Tablets vs Phones?...And Your Mobile App Design

Published on
11 Jan 2022

As you would expect, at AP Logic, we get a ton of requests for mobile app development, but interestingly, very few clients know which device form factors (sizes) they want us to build for. Why does it matter?

Have you ever observed people taking notes during a presentation or conversation? Recently at a business symposium, I noticed that about half the room was taking notes on tablets. On phones, not so much. What about checking the status of a flight at an airport gate? On the phone. Comparing prices or reading product reviews while shopping in a physical store? The phone. Reading a book? Tablet. The situation often dictates which device people will use.

So, why not build for both? You, can but its really two different apps, with the commensurate time and cost. In fact, building for tablets is really more akin to building a desktop app or website than building for a phone. When we design screens, we group the tablets together with our desktop applications from a UI standpoint, and treat the phones separately. An iPad screen has about 7 times the area of an iPhone and typically most “desktop” websites will render just fine in Safari for the iPad. That’s a completely different design challenge than the phone. In fact, when on a budget, you might just do that: build a phone app and let tablet users browse your site unless they like to torture themselves with a phone app on the tab.

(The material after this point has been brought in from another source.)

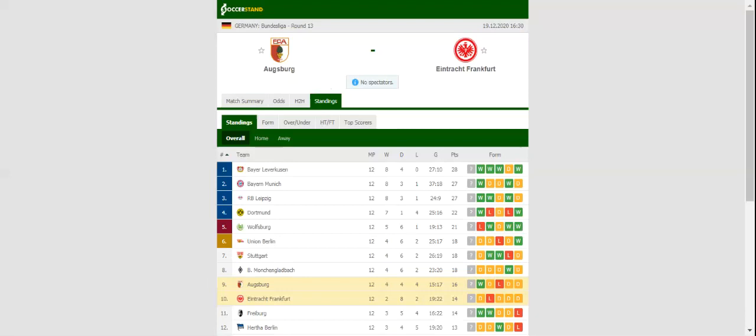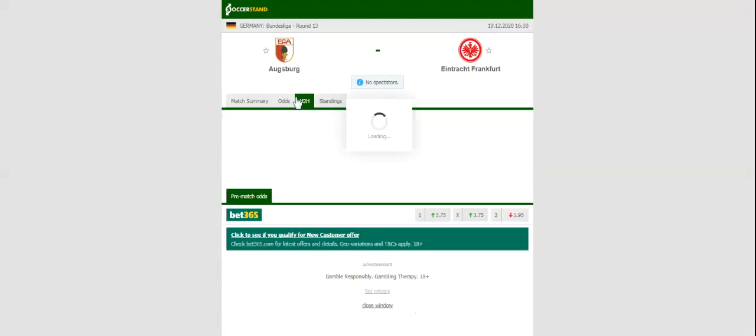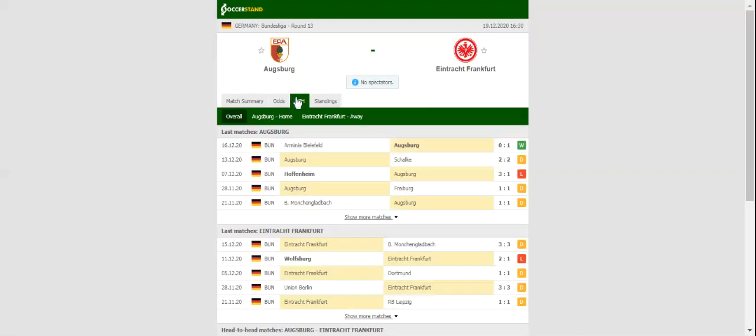Augsburg and Eintracht Frankfurt face each other at WWK Arena in what is expected to be a very entertaining game. After dropping two points in a 2-2 draw with Schalke, the Bavarians did well to beat Arminia Bielefeld on the road in midweek.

Once you’ve admitted that tablets and phones require a very different approach and solved the terribly obvious question of “does the user have the device?”, then you can ask:

  1. Are people physically moving or don’t have access to a larger device? If so, the phone is most convenient for them. This applies to pedestrians, shoppers, drivers (gasp), short-ride vehicle passengers and others.
  2. Is the user responding to an immediate problem? Finding gas, food or lodging on your phone while pulled over on the highway is very different than planning the trip in the first place. Don’t confuse the two! I only use Priceline on my phone when I need to book a hotel immediately and I’m in a vehicle or meeting. Otherwise, its MUCH easier to use on the tab or laptop.
  3. Is the user focused more on data input or output? A physical keyboard is the obvious answer to input. However (for the non-initiated), you will be surprised how easy tablets are for typing, and if its notes, emails, etc, they are very adequate in a pinch. A phone works for short messages and tweets, but generally is not an “input” device.

Looking to the future: Once eye-tracking and voice recognition become standard forms of data input, most of the above criteria will disappear. At that point, almost everything will have a degree of mobility, and the larger issue will be the user’s degree of distraction and how much physical area exists to display information.